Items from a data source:
◆ ◆ ◆ ◆ ◆
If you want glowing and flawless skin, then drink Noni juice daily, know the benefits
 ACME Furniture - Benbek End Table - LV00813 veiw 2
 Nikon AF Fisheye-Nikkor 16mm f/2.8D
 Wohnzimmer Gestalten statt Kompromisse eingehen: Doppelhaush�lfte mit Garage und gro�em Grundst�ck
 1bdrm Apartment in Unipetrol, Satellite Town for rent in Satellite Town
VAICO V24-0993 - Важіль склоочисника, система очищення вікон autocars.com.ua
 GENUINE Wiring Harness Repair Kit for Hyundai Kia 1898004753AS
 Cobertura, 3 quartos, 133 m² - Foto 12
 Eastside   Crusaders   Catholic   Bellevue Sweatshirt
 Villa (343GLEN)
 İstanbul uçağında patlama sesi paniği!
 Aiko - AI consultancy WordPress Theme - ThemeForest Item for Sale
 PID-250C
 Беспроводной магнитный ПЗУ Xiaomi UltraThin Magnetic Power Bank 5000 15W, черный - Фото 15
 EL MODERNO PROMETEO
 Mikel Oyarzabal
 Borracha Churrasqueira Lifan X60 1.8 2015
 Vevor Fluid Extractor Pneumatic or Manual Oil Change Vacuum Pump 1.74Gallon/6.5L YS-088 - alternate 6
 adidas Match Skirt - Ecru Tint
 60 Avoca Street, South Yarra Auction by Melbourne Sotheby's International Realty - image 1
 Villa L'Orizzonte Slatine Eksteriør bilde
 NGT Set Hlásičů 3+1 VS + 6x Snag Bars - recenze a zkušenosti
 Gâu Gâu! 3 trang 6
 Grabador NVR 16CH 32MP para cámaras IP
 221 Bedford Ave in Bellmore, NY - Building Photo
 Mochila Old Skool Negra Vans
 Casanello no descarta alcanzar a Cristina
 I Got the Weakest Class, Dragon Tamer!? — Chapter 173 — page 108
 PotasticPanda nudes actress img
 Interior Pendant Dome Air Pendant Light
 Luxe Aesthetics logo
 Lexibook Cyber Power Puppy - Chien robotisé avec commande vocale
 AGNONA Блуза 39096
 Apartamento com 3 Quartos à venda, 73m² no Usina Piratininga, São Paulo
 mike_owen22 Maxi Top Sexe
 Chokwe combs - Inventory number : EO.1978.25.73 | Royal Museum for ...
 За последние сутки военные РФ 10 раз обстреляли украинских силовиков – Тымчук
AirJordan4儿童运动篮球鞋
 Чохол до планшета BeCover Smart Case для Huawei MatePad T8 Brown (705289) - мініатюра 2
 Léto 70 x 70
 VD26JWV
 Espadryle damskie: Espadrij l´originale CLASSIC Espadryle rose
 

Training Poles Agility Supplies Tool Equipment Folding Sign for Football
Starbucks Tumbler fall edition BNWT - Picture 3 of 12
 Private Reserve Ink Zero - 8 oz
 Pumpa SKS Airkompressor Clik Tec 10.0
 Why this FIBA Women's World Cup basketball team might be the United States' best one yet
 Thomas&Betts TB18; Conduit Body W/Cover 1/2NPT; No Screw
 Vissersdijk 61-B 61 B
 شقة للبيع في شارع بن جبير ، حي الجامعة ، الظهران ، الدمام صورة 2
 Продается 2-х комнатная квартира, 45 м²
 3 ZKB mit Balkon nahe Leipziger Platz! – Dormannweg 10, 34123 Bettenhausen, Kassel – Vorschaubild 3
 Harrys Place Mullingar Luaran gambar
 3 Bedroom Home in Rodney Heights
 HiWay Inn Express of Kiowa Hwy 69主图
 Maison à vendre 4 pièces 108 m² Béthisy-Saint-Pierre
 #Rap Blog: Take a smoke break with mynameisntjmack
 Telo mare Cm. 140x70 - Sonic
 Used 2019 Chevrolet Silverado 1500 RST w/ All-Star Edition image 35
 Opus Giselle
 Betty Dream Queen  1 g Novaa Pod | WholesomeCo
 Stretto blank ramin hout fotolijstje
◆ ◆ ◆ ◆ ◆
DIRECTIONS: Every entry must be given again exactly as it reads.

ANSWER BOX:
If you want glowing and flawless skin, then drink Noni juice daily, know the benefits
 ACME Furniture - Benbek End Table - LV00813 veiw 2
 Nikon AF Fisheye-Nikkor 16mm f/2.8D
 Wohnzimmer Gestalten statt Kompromisse eingehen: Doppelhaush�lfte mit Garage und gro�em Grundst�ck
 1bdrm Apartment in Unipetrol, Satellite Town for rent in Satellite Town
VAICO V24-0993 - Важіль склоочисника, система очищення вікон autocars.com.ua
 GENUINE Wiring Harness Repair Kit for Hyundai Kia 1898004753AS
 Cobertura, 3 quartos, 133 m² - Foto 12
 Eastside   Crusaders   Catholic   Bellevue Sweatshirt
 Villa (343GLEN)
 İstanbul uçağında patlama sesi paniği!
 Aiko - AI consultancy WordPress Theme - ThemeForest Item for Sale
 PID-250C
 Беспроводной магнитный ПЗУ Xiaomi UltraThin Magnetic Power Bank 5000 15W, черный - Фото 15
 EL MODERNO PROMETEO
 Mikel Oyarzabal
 Borracha Churrasqueira Lifan X60 1.8 2015
 Vevor Fluid Extractor Pneumatic or Manual Oil Change Vacuum Pump 1.74Gallon/6.5L YS-088 - alternate 6
 adidas Match Skirt - Ecru Tint
 60 Avoca Street, South Yarra Auction by Melbourne Sotheby's International Realty - image 1
 Villa L'Orizzonte Slatine Eksteriør bilde
 NGT Set Hlásičů 3+1 VS + 6x Snag Bars - recenze a zkušenosti
 Gâu Gâu! 3 trang 6
 Grabador NVR 16CH 32MP para cámaras IP
 221 Bedford Ave in Bellmore, NY - Building Photo
 Mochila Old Skool Negra Vans
 Casanello no descarta alcanzar a Cristina
 I Got the Weakest Class, Dragon Tamer!? — Chapter 173 — page 108
 PotasticPanda nudes actress img
 Interior Pendant Dome Air Pendant Light
 Luxe Aesthetics logo
 Lexibook Cyber Power Puppy - Chien robotisé avec commande vocale
 AGNONA Блуза 39096
 Apartamento com 3 Quartos à venda, 73m² no Usina Piratininga, São Paulo
 mike_owen22 Maxi Top Sexe
 Chokwe combs - Inventory number : EO.1978.25.73 | Royal Museum for ...
 За последние сутки военные РФ 10 раз обстреляли украинских силовиков – Тымчук
AirJordan4儿童运动篮球鞋
 Чохол до планшета BeCover Smart Case для Huawei MatePad T8 Brown (705289) - мініатюра 2
 Léto 70 x 70
 VD26JWV
 Espadryle damskie: Espadrij l´originale CLASSIC Espadryle rose
 

Training Poles Agility Supplies Tool Equipment Folding Sign for Football
Starbucks Tumbler fall edition BNWT - Picture 3 of 12
 Private Reserve Ink Zero - 8 oz
 Pumpa SKS Airkompressor Clik Tec 10.0
 Why this FIBA Women's World Cup basketball team might be the United States' best one yet
 Thomas&Betts TB18; Conduit Body W/Cover 1/2NPT; No Screw
 Vissersdijk 61-B 61 B
 شقة للبيع في شارع بن جبير ، حي الجامعة ، الظهران ، الدمام صورة 2
 Продается 2-х комнатная квартира, 45 м²
 3 ZKB mit Balkon nahe Leipziger Platz! – Dormannweg 10, 34123 Bettenhausen, Kassel – Vorschaubild 3
 Harrys Place Mullingar Luaran gambar
 3 Bedroom Home in Rodney Heights
 HiWay Inn Express of Kiowa Hwy 69主图
 Maison à vendre 4 pièces 108 m² Béthisy-Saint-Pierre
 #Rap Blog: Take a smoke break with mynameisntjmack
 Telo mare Cm. 140x70 - Sonic
 Used 2019 Chevrolet Silverado 1500 RST w/ All-Star Edition image 35
 Opus Giselle
 Betty Dream Queen  1 g Novaa Pod | WholesomeCo
 Stretto blank ramin hout fotolijstje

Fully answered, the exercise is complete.